• Confidentiality

    ASCA - American School Counseling Association

    Ethical Standards for School Counselors

     Professional school counselors:

    a. Inform individual students of the purposes, goals, techniques and rules of procedure under which they may receive counseling.  Disclosure includes the limits of confidentiality in a developmentally appropriate manner. Informed consent requires competence on the part of students to understand the limits of confidentiality and therefore, can be difficult to obtain from students of a certain developmental level. Professionals are aware that even though every attempt is made to obtain informed consent it is not always possible and when needed will make counseling decisions on students’ behalf.

     b. Explain the limits of confidentiality in appropriate ways such as classroom guidance lessons, the student handbook, school counseling brochures, school Web site, verbal notice or other methods of student, school and community communication in addition to oral notification to individual students. 

    c. Recognize the complicated nature of confidentiality in schools and consider each case in context. Keep information confidential unless legal requirements demand that confidential information be revealed or a breach is required to prevent serious and foreseeable harm to the student. Serious and foreseeable harm is different for each minor in schools and is defined by students’ developmental and chronological age, the setting, parental rights and the nature of the harm. School counselors consult with appropriate professionals when in doubt as to the validity of an exception.
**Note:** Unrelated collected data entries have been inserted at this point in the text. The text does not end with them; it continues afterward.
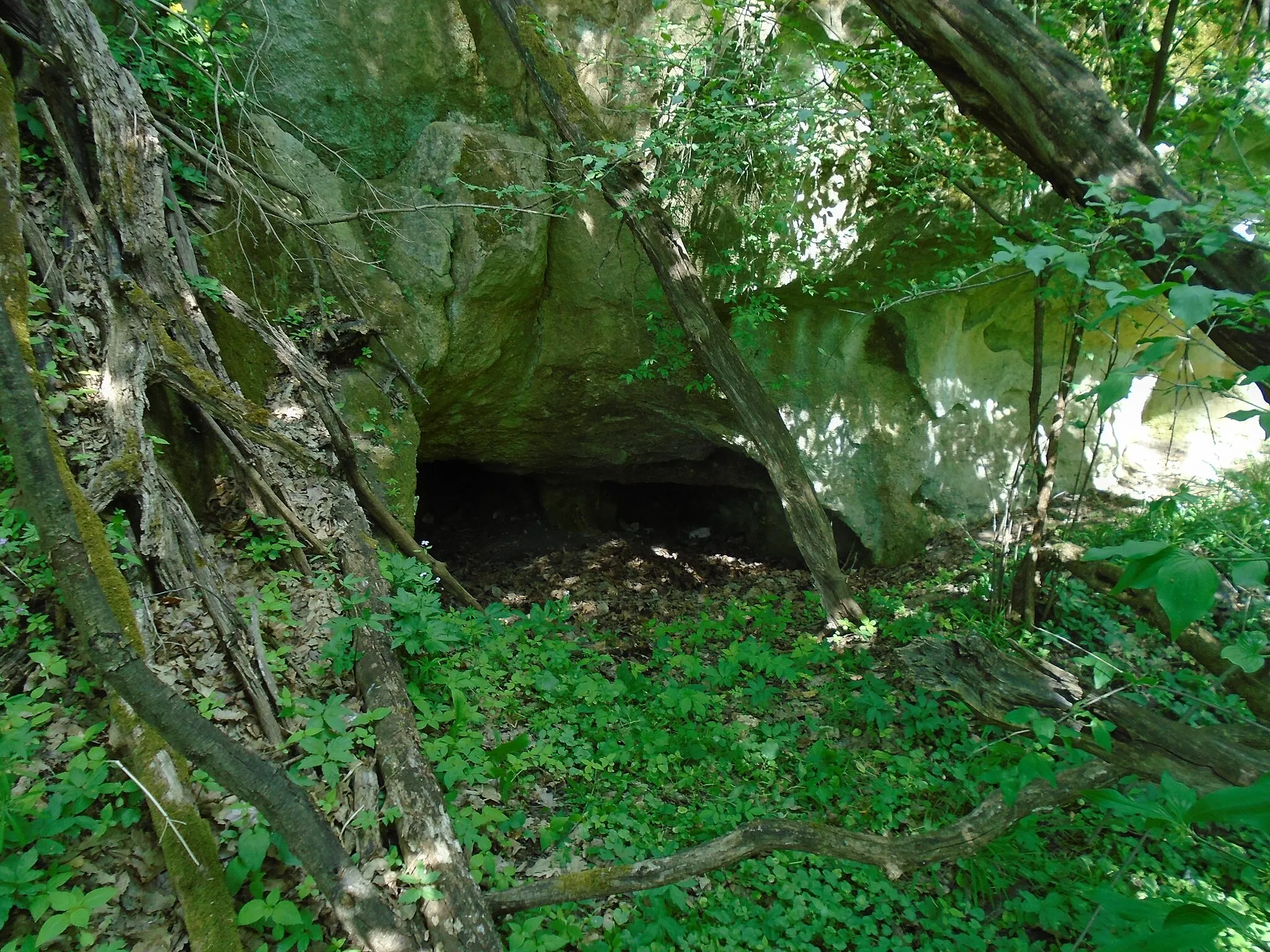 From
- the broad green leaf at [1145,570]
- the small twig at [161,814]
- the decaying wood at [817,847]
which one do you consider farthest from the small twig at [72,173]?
the broad green leaf at [1145,570]

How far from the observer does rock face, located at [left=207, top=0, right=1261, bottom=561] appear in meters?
5.14

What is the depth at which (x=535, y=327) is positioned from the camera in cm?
617

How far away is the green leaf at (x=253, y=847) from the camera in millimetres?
1951

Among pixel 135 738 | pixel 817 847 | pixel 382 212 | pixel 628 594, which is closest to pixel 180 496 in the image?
pixel 135 738

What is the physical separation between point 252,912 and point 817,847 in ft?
5.98

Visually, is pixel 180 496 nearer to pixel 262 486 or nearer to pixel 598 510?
pixel 262 486

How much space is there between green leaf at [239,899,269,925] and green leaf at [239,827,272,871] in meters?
0.09

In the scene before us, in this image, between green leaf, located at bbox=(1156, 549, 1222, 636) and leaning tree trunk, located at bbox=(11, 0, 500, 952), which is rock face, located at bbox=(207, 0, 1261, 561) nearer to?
leaning tree trunk, located at bbox=(11, 0, 500, 952)

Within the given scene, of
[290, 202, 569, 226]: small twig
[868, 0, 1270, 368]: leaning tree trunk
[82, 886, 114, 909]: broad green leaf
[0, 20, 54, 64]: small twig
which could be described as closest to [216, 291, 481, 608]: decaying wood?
[290, 202, 569, 226]: small twig

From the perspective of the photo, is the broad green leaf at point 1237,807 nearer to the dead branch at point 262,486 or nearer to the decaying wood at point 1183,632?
the decaying wood at point 1183,632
    d. Recognize their primary obligation for confidentiality is to the students but balance that obligation with an understanding of parents’/guardians’ legal and inherent rights to be the guiding voice in their children’s lives, especially in value-laden issues. Understand the need to balance students’ ethical rights to make choices, their capacity to give consent or assent and parental or familial legal rights and responsibilities to protect these students and make decisions on their behalf.


    e. Promote the autonomy and independence of students to the extent possible and use the most appropriate and least intrusive method of breach. The developmental age and the circumstances requiring the breach are considered and as appropriate students are engaged in a discussion about the method and timing of the breach.


    f. In absence of state legislation expressly forbidding disclosure, consider the ethical responsibility to provide information to an identified third party who, by his/her relationship with the student, is at a high risk of contracting a disease that is commonly known to be communicable and fatal. Disclosure requires satisfaction of all of the following conditions:

    • Student identifies partner or the partner is highly identifiable

    • School counselor recommends the student notify partner and refrain from further high-risk  behavior

    • Student refuses

    • School counselor informs the student of the intent to notify the partner

    • School counselor seeks legal consultation from the school district’s legal representative in writing as to the legalities of informing the partner


    g. Request of the court that disclosure not be required when the release of confidential information may potentially harm a student or the counseling relationship.


    h. Protect the confidentiality of students’ records and release personal data in accordance with prescribed federal and state laws and school policies including the laws within the Family Education Rights and Privacy Act (FERPA). Student information stored and transmitted electronically is treated with the same care as traditional student records. Recognize the vulnerability of confidentiality in electronic communications and only transmit sensitive information electronically in a way that is untraceable to students’ identity. Critical information such as a student who has a history of suicidal ideation must be conveyed to the receiving school in a personal contact such as a phone call.